In the case The Albezero [19771 AC 774 (HL), a shipment of oil belonging to one company was transferred to company during its voyage from South America to Europe. Both companies were entirely owned by the same ‘parent’ company. After the transfer of ownership, the ship sank and the cargo was lost. When the first company tried to claim for the loss, the ship owners argued that the second company was the true owner of the oil and it could not claim because the limitation period on such claims had expired. Therefore neither company could claim. Roskill LJ: ‘each company in a group of companies … is a separate legal entity possessed of separate legal rights and liabilities that the rights of one company in a group cannot be exercised by another company in that group even though the ultimate benefit of the exercise of those rights would [be] to the same person or corporate body’.
However, in other cases, the courts have adopted a more liberal view.
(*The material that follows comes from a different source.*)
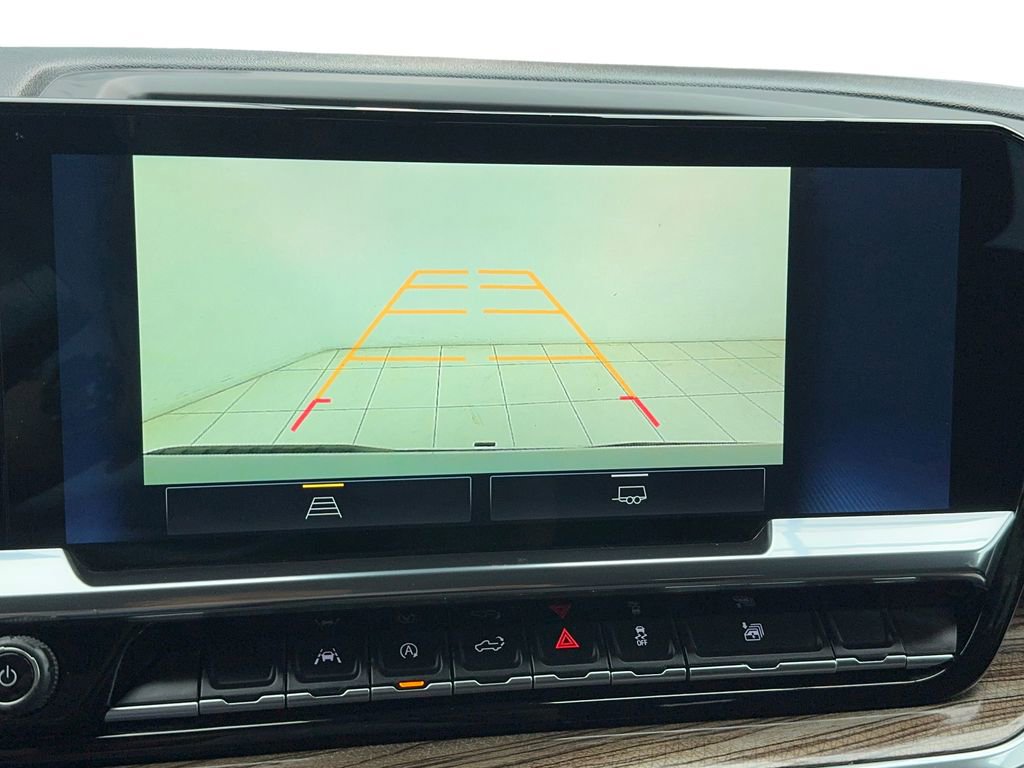 Used 2025 Chevrolet Silverado 1500 LT RWD image 30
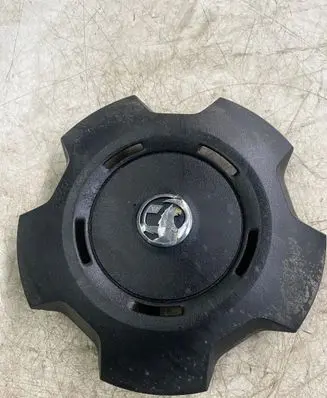 Opel Vivaro R16 wheel hub/cap/trim 93866156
In the case DHN food Distributors Ltd v. Tower Hamlets London Borough Council  1 WLR 852 (CA), OHN was a parent company, owning two subsidiaries. One of the Companies owned a plot of land from which the other company ran a fleet of lorries to deliver goods for DHN. On the compulsory purchase of the land, the question arose as to which company could claim for disruption to its business. Although these were separate companies they could be regarded as a ‘single economic entity’. Denning MR: ‘This group is virtually the same as a partnership in which all the three companies are partners. They should not be treated separately so as to be defeated on a technical point.’
The key factors in determining whether the companies were a ‘single economic entity’ were: 1. the degree of control which the parent company exercised over the activities of the subsidiary company (evidenced by the companies having the same board of
directors). 2. the complete ownership of all of the shares in the subsidiary company by the parent company.
In the case Woolfson v. Strathclyde Regional Council  2 EGLR 19 (HL), Limited company ‘A’ carried on a retail business at a shop comprising five premises. Three of the premises were owned by Woolfson and the other two by another limited company ‘B’. Woolfson was the sole director of ‘A’ and owned 999 shares of the 1,000 issued shares of company ‘A’, the remaining share being owned by his wife. Woolfson also owned 20 of the 30 issued shares of company ‘B’, with the other 10 being owned by his wife. When the premises were compulsorily acquired by the local authority, both Woolfson and company ‘B’ jointly sought compensation from the Lands Tribunal which held that they were not entitled to such compensation. Held: as the company which carried on the business had no control whatever over the owners of the land, they could not be regarded as a single economic entity and so the rule in Salomon would apply.
Over time, the liberal approach applied in DHN has been less popular.
In the case Adams v. Cape Industries plc  Ch 433 (CA): An English Company-Cape, mined asbestos which it sold through a subsidiary company in the UK and another in the USA. The US company was sued by a number of former employees for injuries arising from exposure to its asbestos but, as the company had disposed of its assets in the USA, only a successful action against the UK parent company would secure damages for the claimants. The law recognises the creation of subsidiary companies and, even though they are under the control of their parent companies, they will generally be treated as separate legal entities with all the rights and liabilities which would normally attach to separate legal entities.
As a result, ‘lifting the veil’ is to achieve two common features to all of the recognised exceptions:
They are designed to prevent the protection of limited liability being abused to perpetrate fraud or other wrongdoing.
They will only apply to members of the company who actually created the situation.